### EXTRACTED MATERIAL ###

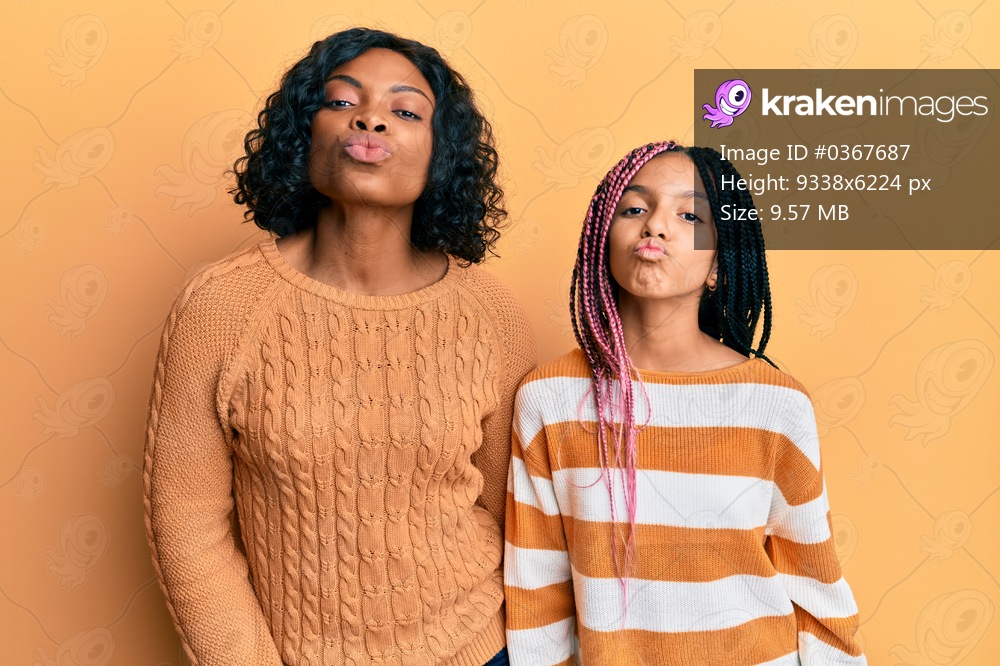 Beautiful african american mother and daughter wearing wool winter sweater looking at the camera blowing a kiss on air being lovely and sexy. love expression. 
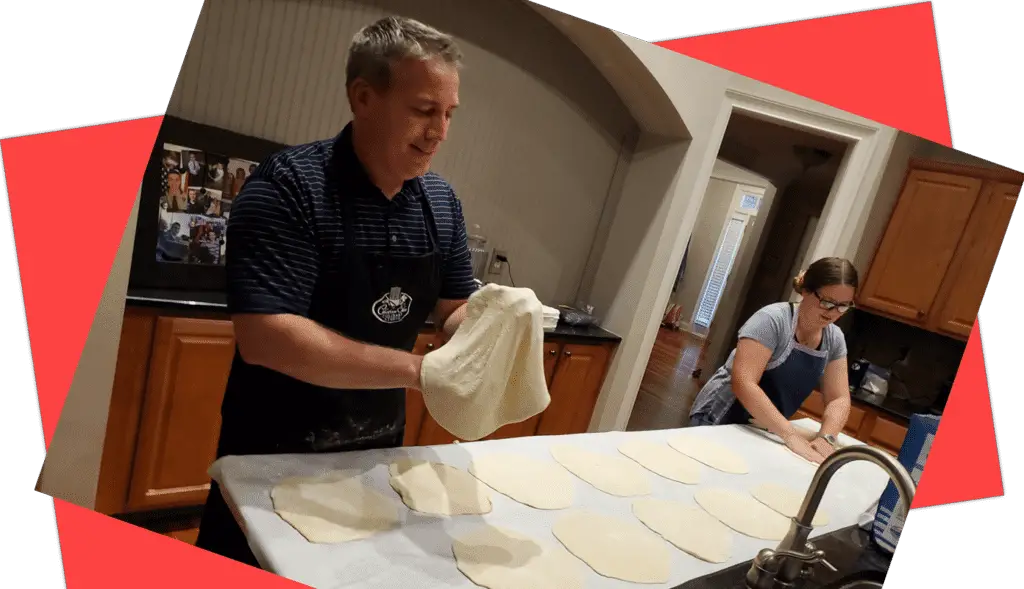 father and daughter make and stretch pizza dough for a birthday party camping or tailgating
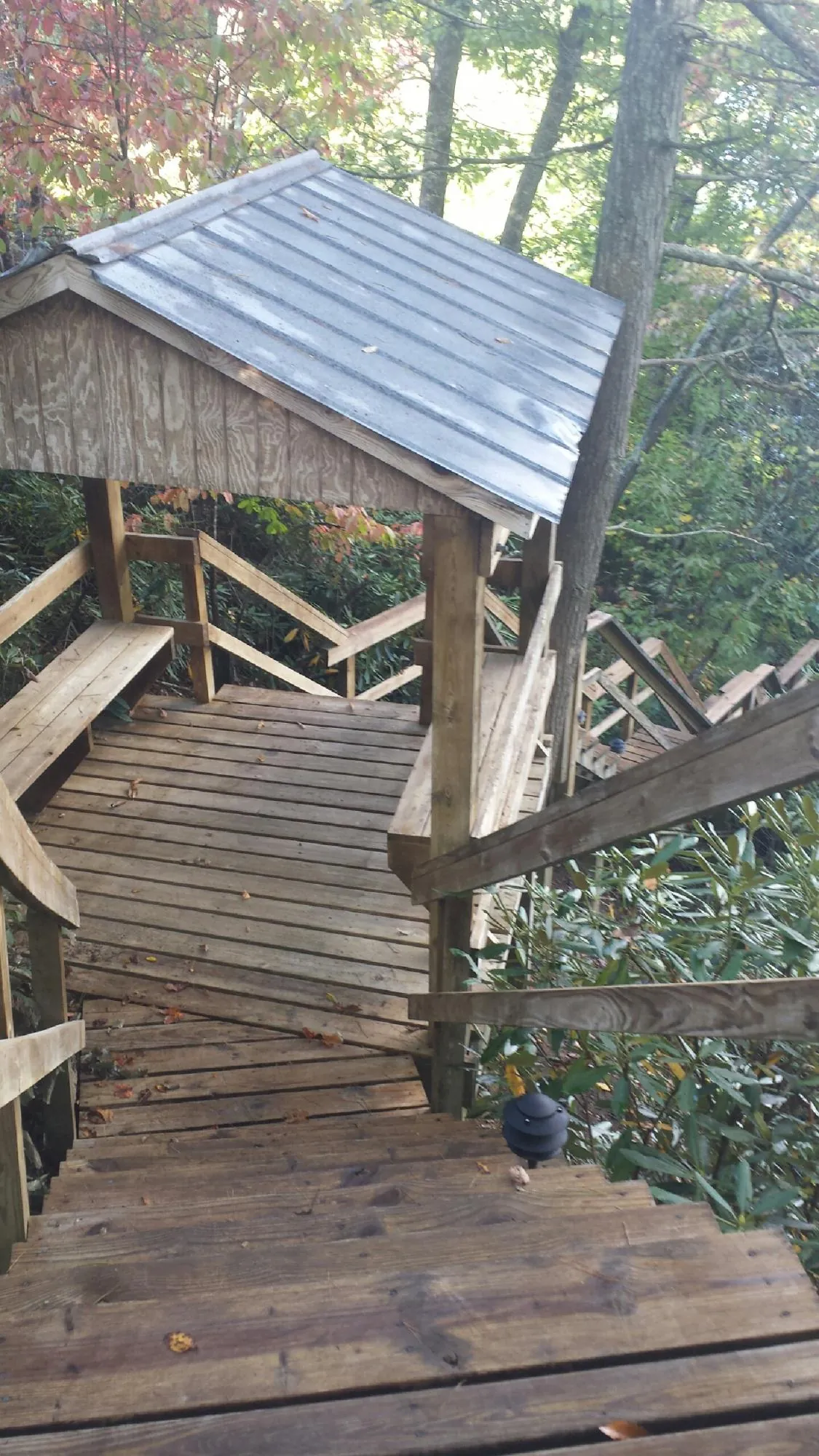 Metal roofed shelter over wooden steps on a wooded walkway — Skylight Repair & Installation work by our crew in Elk Point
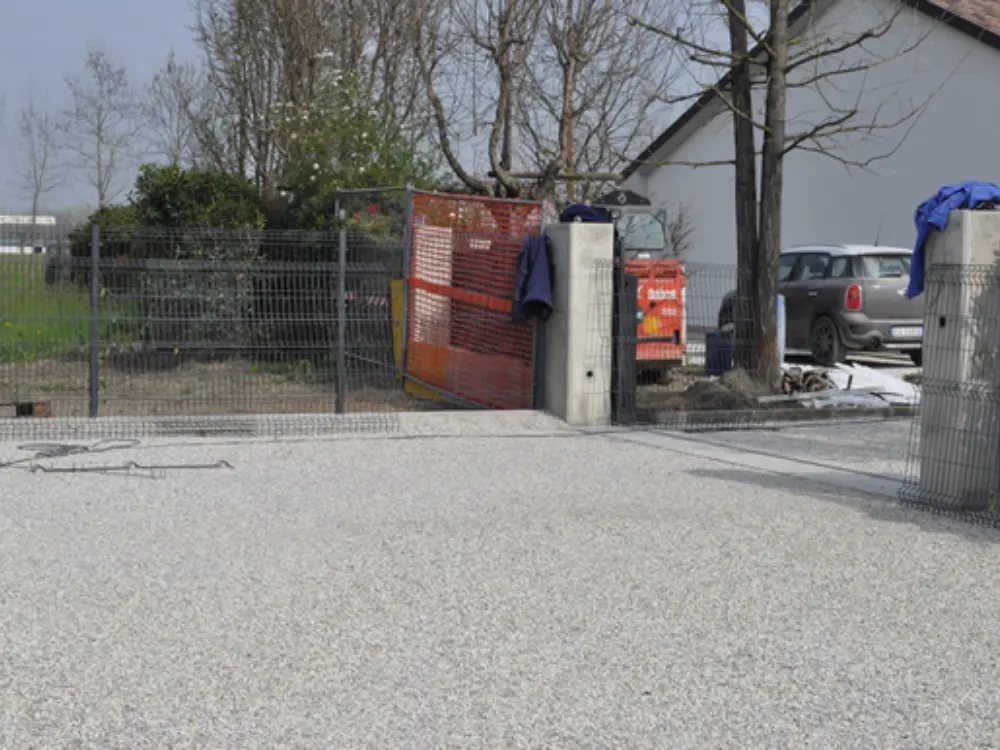 Vista de una entrada de propiedad residencial en fase de construcción, con la superficie ya finalizada usando grava estabilizada de color blanco o gris muy claro. Se aprecian los pilares de un futuro portón y una rejilla de cercado, demostrando la aplicación del árido de Escombro Áridos como una base firme y permeable ideal para accesos vehiculares.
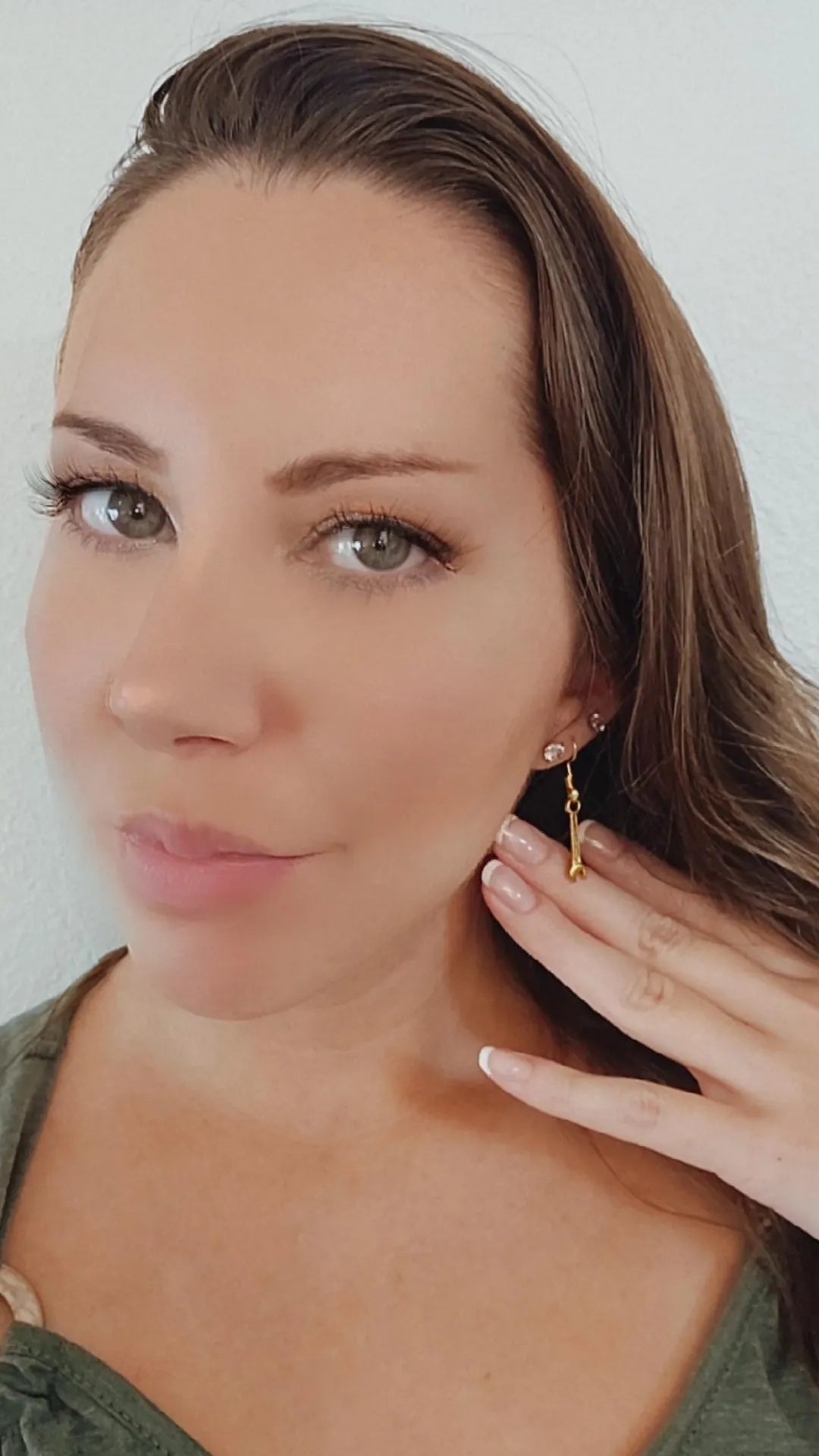 Woman wearing a gold earring with a plain background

###

## EXERCISE DIRECTIONS
Could you repeat, exactly and with nothing added, the lines from the top of the entries above through the line that holds "Metal roofed shelter", leaving out any pictures?

## ANSWER FOR THE TASK
 Beautiful african american mother and daughter wearing wool winter sweater looking at the camera blowing a kiss on air being lovely and sexy. love expression. 
 father and daughter make and stretch pizza dough for a birthday party camping or tailgating
 Metal roofed shelter over wooden steps on a wooded walkway — Skylight Repair & Installation work by our crew in Elk Point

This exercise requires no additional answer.